When people see Nova Scotia Health they think hospital, which, of course, is part of what we do. But people often don't understand the sheer size and complexity of this organization. With 22,000 employees plus physicians and volunteers, we are the largest employer in Nova Scotia. We have over 40 locations that occupy 8+ million square feet. We probably have the largest supply chain operation in Nova Scotia. We have courier and transportation networks operating every day, maintain a 50,000 SKU inventory list, and operate 14 distribution points across the province. We serve more food than any other organization in Nova Scotia every day.

Those are pretty impressive stats Derek – and so is the fact that you can reel them off!

That's part of the job – taking a bunch of data and turning it into things that people would find interesting. I'm trying to get more business professionals interested in working at Nova Scotia Health. There's a lot of people here with PhDs, and physicians and neurosurgeons and registered nurses, and all the professions you would expect, but we don’t excel at attracting professional business people here. And when I say business, I don’t just mean accounting, but supply chain, IT or food services. The people here are great, and one of my goals is to attract, develop and retain more top talent.

It’s clear that you rely on data to make sense of all the moving parts of a big organization like Nova Scotia Health. How have you learned to integrate the people side of things and bring out the best in the teams you work with?

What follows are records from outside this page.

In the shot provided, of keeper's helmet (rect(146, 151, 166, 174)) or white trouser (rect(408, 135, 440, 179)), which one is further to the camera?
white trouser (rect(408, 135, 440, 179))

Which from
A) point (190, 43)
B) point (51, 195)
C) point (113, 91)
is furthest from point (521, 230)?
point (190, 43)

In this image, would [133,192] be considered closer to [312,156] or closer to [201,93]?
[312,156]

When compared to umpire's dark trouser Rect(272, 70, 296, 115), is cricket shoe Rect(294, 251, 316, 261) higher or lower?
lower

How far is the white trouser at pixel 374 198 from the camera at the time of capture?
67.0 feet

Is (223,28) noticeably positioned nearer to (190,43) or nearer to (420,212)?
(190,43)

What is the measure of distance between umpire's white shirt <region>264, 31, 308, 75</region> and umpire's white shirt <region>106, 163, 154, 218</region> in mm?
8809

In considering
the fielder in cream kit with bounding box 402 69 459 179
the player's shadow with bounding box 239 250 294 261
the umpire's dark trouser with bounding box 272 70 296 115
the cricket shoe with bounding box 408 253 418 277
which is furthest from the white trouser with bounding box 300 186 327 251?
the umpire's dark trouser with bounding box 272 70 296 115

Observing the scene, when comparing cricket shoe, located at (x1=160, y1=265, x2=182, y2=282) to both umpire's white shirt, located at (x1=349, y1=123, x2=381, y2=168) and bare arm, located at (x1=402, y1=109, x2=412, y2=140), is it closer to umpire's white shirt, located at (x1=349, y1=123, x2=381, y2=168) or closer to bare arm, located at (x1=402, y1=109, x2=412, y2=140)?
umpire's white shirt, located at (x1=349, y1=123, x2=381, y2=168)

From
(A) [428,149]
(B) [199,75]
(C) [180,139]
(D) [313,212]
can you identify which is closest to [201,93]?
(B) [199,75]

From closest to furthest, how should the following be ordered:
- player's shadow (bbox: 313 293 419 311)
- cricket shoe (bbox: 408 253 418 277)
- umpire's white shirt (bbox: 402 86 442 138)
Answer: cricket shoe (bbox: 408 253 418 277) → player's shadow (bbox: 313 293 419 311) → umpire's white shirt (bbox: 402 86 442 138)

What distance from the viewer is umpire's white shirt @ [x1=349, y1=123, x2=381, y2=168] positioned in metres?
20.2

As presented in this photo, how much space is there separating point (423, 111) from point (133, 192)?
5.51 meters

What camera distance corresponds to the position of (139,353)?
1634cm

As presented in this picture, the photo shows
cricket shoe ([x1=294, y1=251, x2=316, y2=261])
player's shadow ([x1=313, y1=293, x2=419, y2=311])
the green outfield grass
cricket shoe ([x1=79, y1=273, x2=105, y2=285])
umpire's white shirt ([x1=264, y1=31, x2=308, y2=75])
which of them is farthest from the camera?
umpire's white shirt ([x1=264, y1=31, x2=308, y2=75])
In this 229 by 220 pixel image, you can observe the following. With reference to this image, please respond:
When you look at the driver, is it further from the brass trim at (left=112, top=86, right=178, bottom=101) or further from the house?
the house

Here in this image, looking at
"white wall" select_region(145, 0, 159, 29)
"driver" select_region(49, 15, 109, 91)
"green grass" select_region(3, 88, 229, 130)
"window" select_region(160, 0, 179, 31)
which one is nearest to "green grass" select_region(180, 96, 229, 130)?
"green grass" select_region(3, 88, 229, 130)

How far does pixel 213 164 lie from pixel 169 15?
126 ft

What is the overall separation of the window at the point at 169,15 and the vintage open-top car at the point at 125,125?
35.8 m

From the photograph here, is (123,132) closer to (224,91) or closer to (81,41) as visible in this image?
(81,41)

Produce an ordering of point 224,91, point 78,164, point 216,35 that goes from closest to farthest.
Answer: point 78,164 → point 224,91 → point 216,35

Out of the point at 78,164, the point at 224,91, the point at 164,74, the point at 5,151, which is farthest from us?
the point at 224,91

I’ve always known you need to engage and mobilize staff, but this has become more obvious as I work for increasingly larger and more complex organizations. There are around 3,500 people on our Corporate Services team at Nova Scotia Health. I can’t talk to 3,500 people directly but what I’ve started doing – and this paused appropriately during COVID – is going to visit people in their space, and letting them show me what they do.

I took the opportunity to walk through our kitchen for instance and meet the people who were cleaning the dishes to making the food. The Kitchen team couldn't wait to show me everything they were making, and we shared one of their fresh muffins. I went and met with housekeeping, and I hope to go back and work a four-hour shift with them. People think it’s a stunt, but for me I actually enjoy it. Then you're not talking at people, you're talking with them, and it changes the whole culture.

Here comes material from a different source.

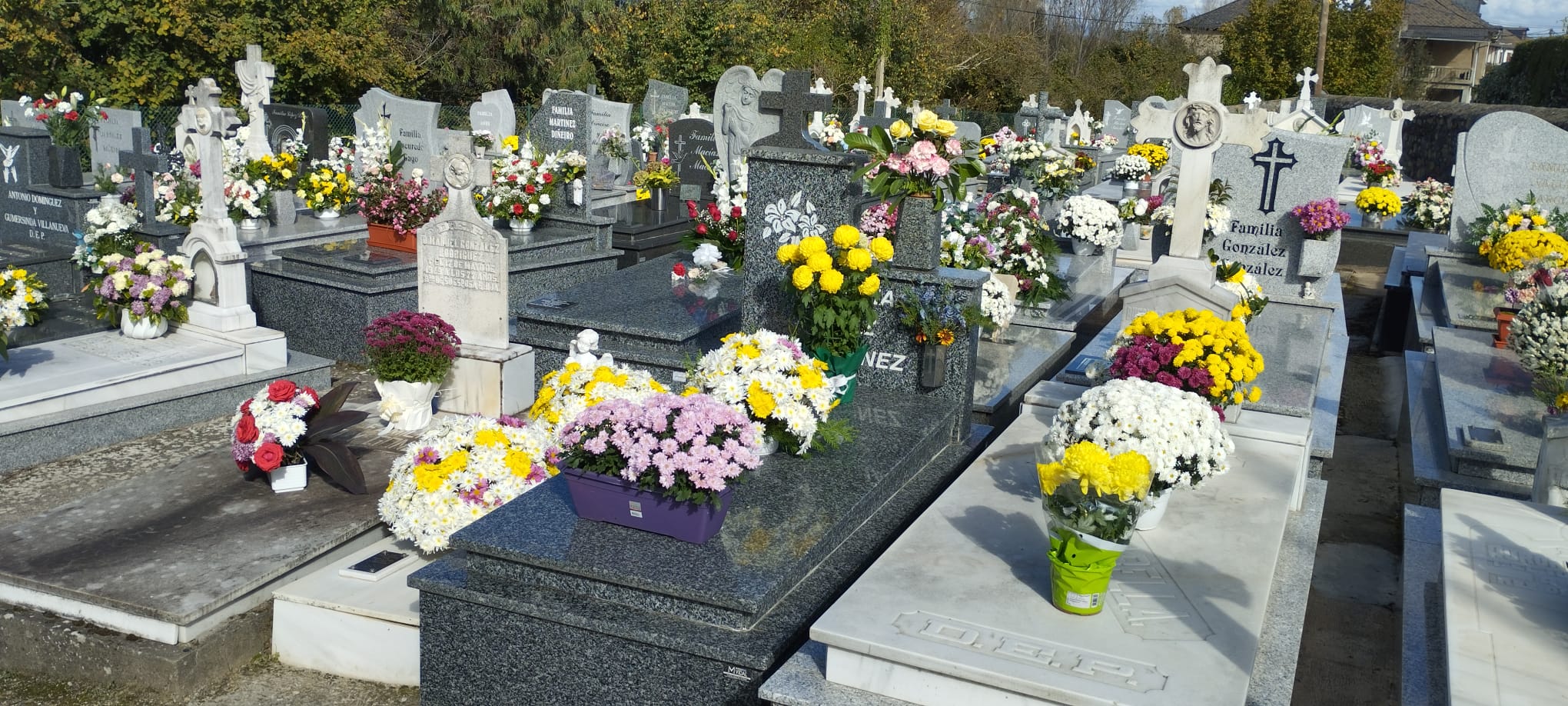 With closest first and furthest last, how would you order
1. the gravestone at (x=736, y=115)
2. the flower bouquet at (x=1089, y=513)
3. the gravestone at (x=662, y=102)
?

What makes the mission of HealthPRO meaningful to you?

It's meaningful to me because of the value HealthPRO delivers into local communities and healthcare. That's what they're about. For us at Nova Scotia Health, that value equation pays off significantly. They're able to secure pricing that we wouldn't be able to get on our own and they're able to take on a sheer number of contracts that we couldn't reasonably do. So for me, it's the value that HealthPRO is creating for the membership.

What does good governance and being an active board member mean to you?

Good governance to me is asking: is the equation being optimized or are we leaving value on the floor? That’s part of what I look for, and it’s part of my job too. I report into a board here and I look to them to help me ensure that the appropriate governance is in place. But it's a means to an end kind of thing, in that it's not about governance or controls simply for the sake of controls. We’re doing those things so the value equation is being optimized.

What important lessons have you learned from the mentors in your life?

One of the biggest impacts came from someone who would not have considered himself a mentor. There was an older gentleman at the church where I grew up. This gentleman was so different from the way I felt about church at the time. His approach to people has stayed with me now, decades later, because he would come up and say, "Boy, am I ever glad to see you today. You've made my day just seeing you.” He made a really big deal of me and that really resonated with me. Now I try to do the same with others. It is all about our people.